The Poisen Glen and various places

                                                  We are after having the most searingly hot summer since 1995

   So we did rove out to view various places once more                                                              


Like this valley – originally known by local people as the Heavenly Glen –

Yet an error was made by an English cartographer, when he confused the Gaelic word for Heaven (neamh) with the word for poison (neimhe)


hence – The Poisen Glen

dunlewey church

Dunlewey church

This landmark church which nestles at the foot of Mount Errigal is made of white marble quarried from within a hundred yards – but the quarry is now depleted.


 ‘The white marble of Dunlewy is said to be of an excellent quality and its bed very extensive, traced over half a mile square, and is finely granular so it can be used in nicest sculpture, its texture and whiteness approach more of the Parian than Carrara marble, being free from mica, quartzite and other substances which interfere with the chisel’  (from the Geological Survey of Ireland 1891)
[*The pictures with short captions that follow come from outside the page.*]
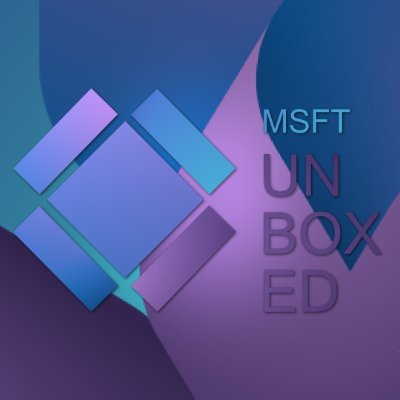 Welcome to MSFT Unboxed, the ultimate destination for all things Microsoft.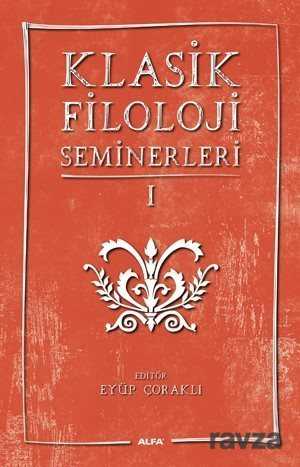 Klasik Filoloji Seminerleri 1 - Alfa Yayınları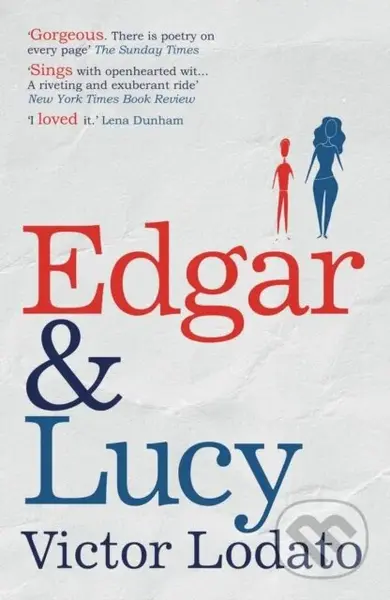 Edgar and Lucy - Victor Lodato - kniha z kategorie Společenská beletrie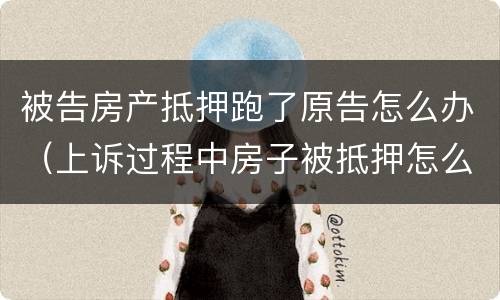 被告房产抵押跑了原告怎么办（上诉过程中房子被抵押怎么办）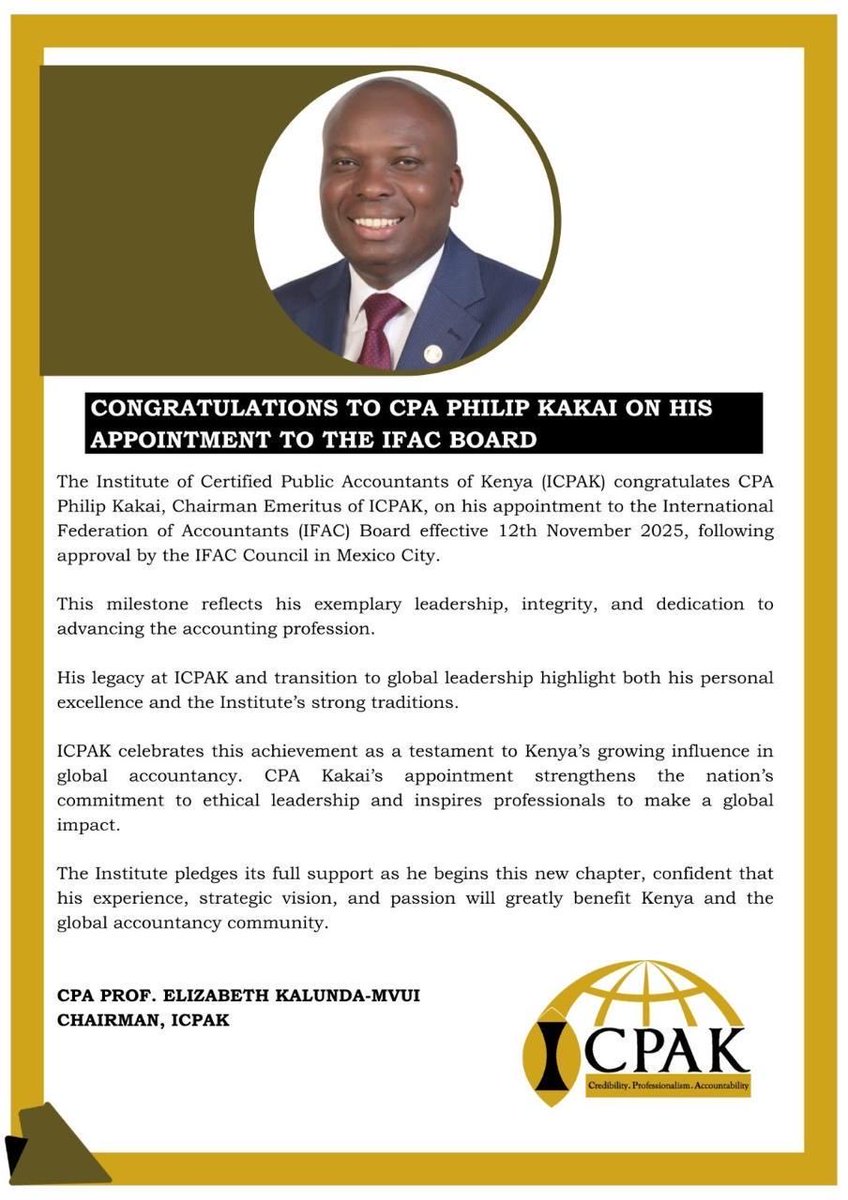 I am honoured to be appointed to the <a href="/IFAC/">IFAC</a> Board, effective 12 Nov 2025.

I am grateful to the IFAC Council for their confidence, to <a href="/ICPAK_Kenya/">ICPAK</a> for shaping my leadership path, and to <a href="/PAFA_SA/">PAFA</a> for advancing Africa’s leadership in global accountancy.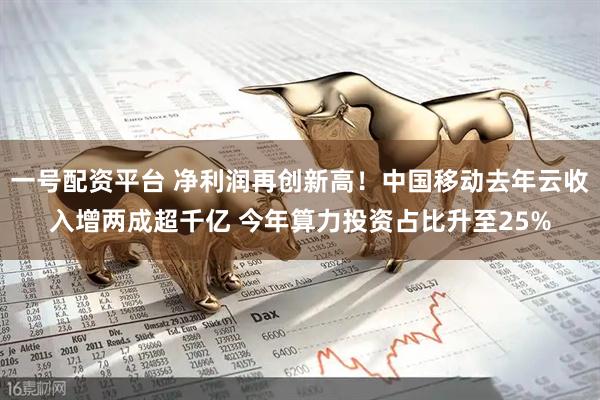 一號(hào)配資平臺(tái) 凈利潤(rùn)再創(chuàng)新高！中國(guó)移動(dòng)去年云收入增兩成超千億 今年算力投資占比升至25%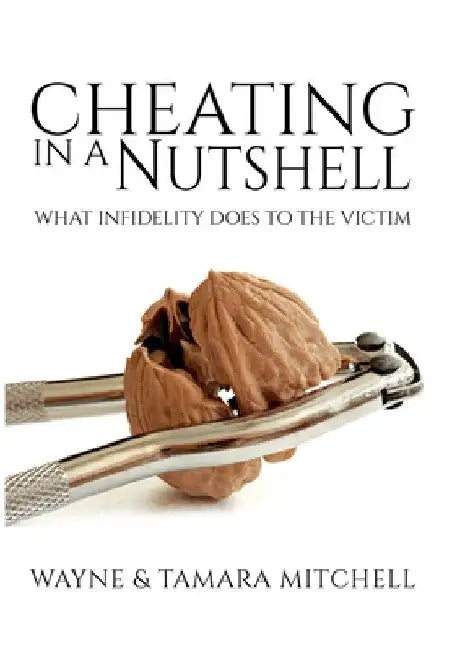 Cheating in a Nutshell (English, Wayne Mitchell | Tamara Mitchell)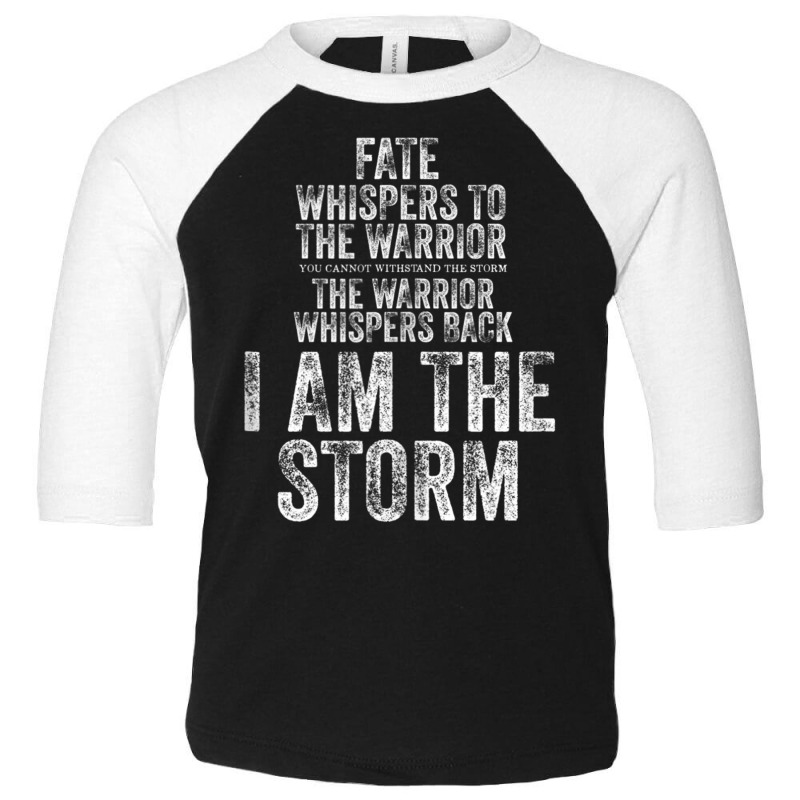 Fate Whispers To Warrior I Am The Storm Quote Gritty Fighter Tank Top Toddler 3/4 Sleeve Tee | Artistshot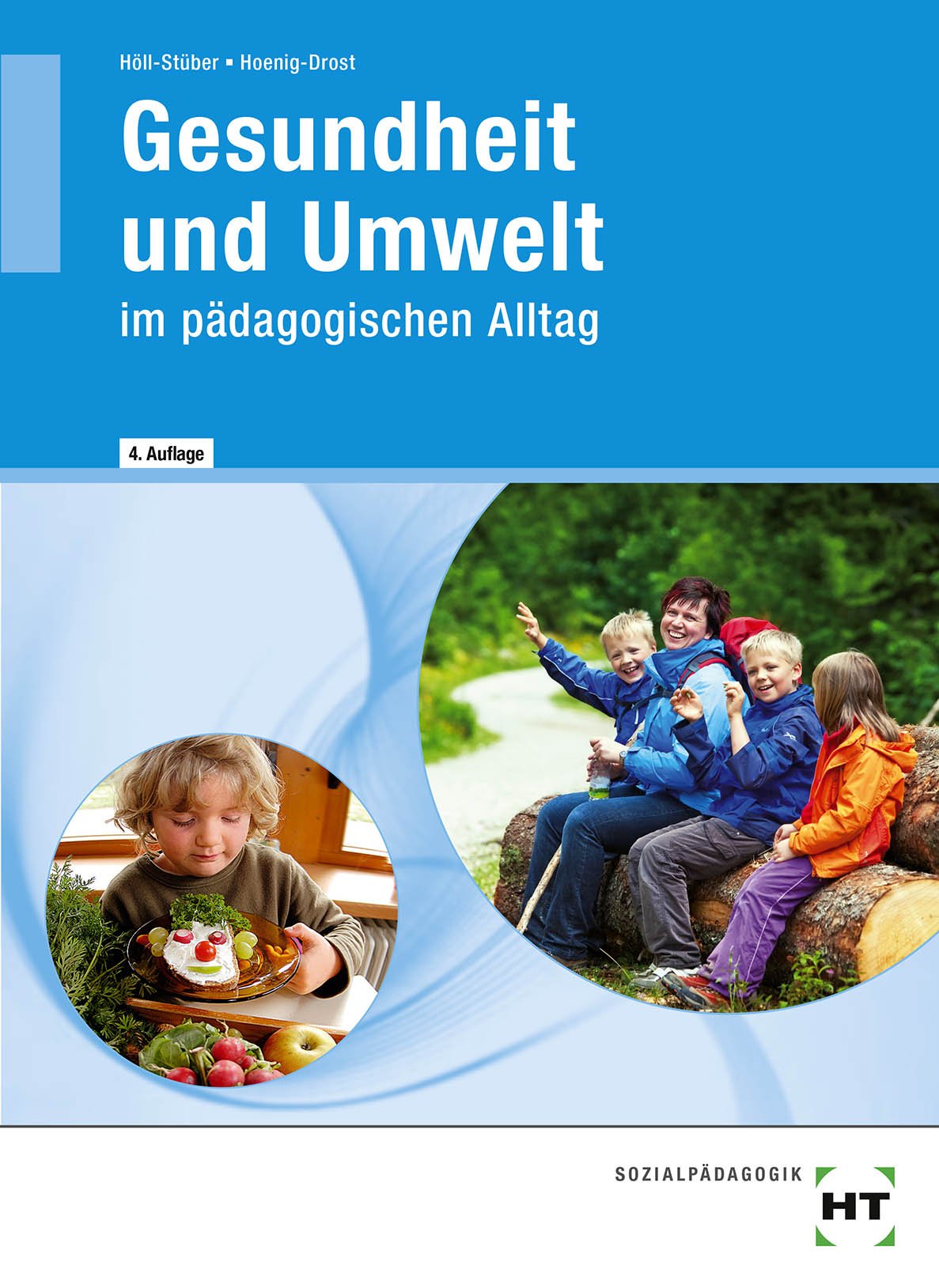 Gesundheit und Umwelt im pädagogischen Alltag Study Guides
We leave The Poisen Glen to travel eastwards to Churchill to see the home and studio of artist Derek Hill 


Originally farm stables then Derek Hill’s studio – now a gallery

He gifted his Georgian house to the state, along with its contents – (no photographs allowed inside) –  a priceless collection of paintings and ceramics which include Picasso, Renoir and gorgeous wallpapers by William Morris


The building itself has been properly restored with Lime by the Office of Public Works


T’is truly a must visit for art and heritage lovers while on the brink of  Colmcille’s own Lough Gartan


Talking of of mistakes

This nineteen-seventies ‘reception area’ that erupts like a crime between a Georgian Manor and an early eigthteenth century cottage



Behold Brown Hall – near Ballintra


With its original long house being infinitely more interesting –  lime rendered –  hand blown glass window panes


Although a grand cottage of its day – it follows the vernacular premise of being only one room deep


althougth this kitchen has an atmosphere of the creeps



While in the Georgian ‘wing’ dusty portraits do keep an eye on things


Who would not rather be under the roof of a comely stone cottage

P1120531‘In a finished house a flame is brought to the hearth

Then a table between the door and the window

Where a stranger will eat..”


‘The cupboard will have its loaf and bottle come winter’


and the beans of the earth grow blight free in our small field


2 thoughts on “The Poisen Glen and various places

  1. Is there an irish word for “gemutlichkeit”? Those three cottage pics are the epitome of quiet contentment, esp if that rake of pratty ended in the pot on the stove. Superb.